In October 2007 President Kibaki appointed a special committee to look into the grievances of the Muslim community. The committee took action on individual claims of denied identity documents, and on April 15, 2008, the newly appointed Minister for Immigration and Registration of Persons promised to streamline the ministry's operations and systematically stamp out such discrimination.
Abuses of Religious Freedom
The Council of Imams and Preachers of Kenya and other Muslim organizations, including the Muslim Human Rights Forum, accused the Government of harassment in the guise of anti terrorist measures. The Muslim Human Rights Forum accused the Government of not following due process in the arrest and subsequent rendition to Somalia and Ethiopia of more than 100 suspected terrorists along the Kenya/Somalia border. Some of those detained, the group claimed, were women and children. The whereabouts of some of the detainees was still not known, the group claimed. A president-appointed special committee, formed in October 2007, heard testimony from persons affected by the operation, but the final report had not been released at the end of the reporting period. A Muslim Cabinet minister told the press in April 2008 that the Government would deal with those involved in terrorist activities accordingly; however, the minister stated that he would remain firm on the unjust victimization of citizens, especially those who were deported on terrorist grounds.
Muslim human rights activists called for the disbandment of the Anti-Terrorist Police Unit, claiming that it was engaging in a systematic campaign of harassment that specifically targeted Muslims. While the Kenya National Human Rights Commission and the special presidential committee convened to investigate grievances from the Muslim community both heard complaints against this unit, neither had made any definitive conclusions or recommendations by the end of the reporting period.
There were no reports of religious prisoners or detainees in the country.
Forced Religious Conversion
There were no reports of forced religious conversion, including of minor U.S. citizens who had been abducted or illegally removed from the United States, or of the refusal to allow such citizens to be returned to the United States.
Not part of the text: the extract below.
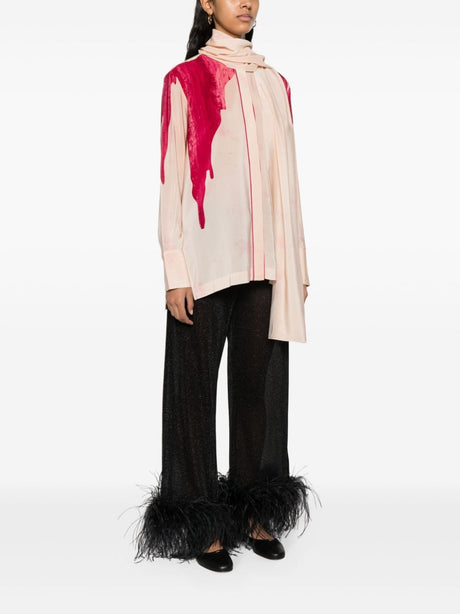 Light Pink Silk Shirt with Palm Tree Print, Detachable Scarf, and Button Details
Section III. Societal Abuses and Discrimination
There were few reports of societal abuses or discrimination based on religious affiliation, belief, or practice. There generally is a great level of tolerance among religious groups, although some Muslims perceive themselves to be treated as second-class citizens in a predominantly Christian country. Intermarriage between members of Christian denominations is common, and interfaith prayer services occur frequently. Intermarriage between Muslims and Christians, although less frequent, also is socially acceptable.
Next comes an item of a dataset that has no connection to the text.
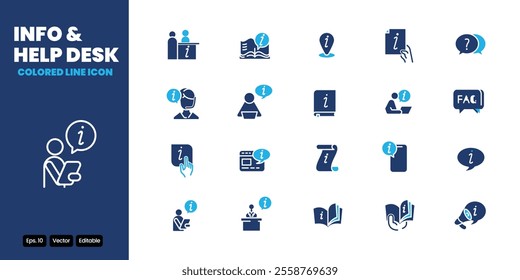 info and help desk solid icon set vector design good for web and mobile app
On May 20, 2008, gangs of villagers burned more than 50 houses and burned and killed 15 persons – mostly women – suspected of practicing witchcraft. The victims were suspected by villagers of using supernatural powers to kill, maim, and cause children to perform poorly in school. By late May police arrested 120 suspects in connection with the crime.
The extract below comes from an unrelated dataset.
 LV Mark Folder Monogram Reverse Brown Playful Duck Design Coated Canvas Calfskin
Some Muslim groups believed that the Government and business communities deliberately impeded development in predominantly Muslim areas.
Section IV. U.S. Government Policy
The U.S. Government discusses religious freedom with the Government as part of its overall policy to promote human rights. The U.S. Embassy made a concerted effort to bridge the gaps that exist between Muslims and Christians. U.S. embassy officials maintained regular contact with all religious communities.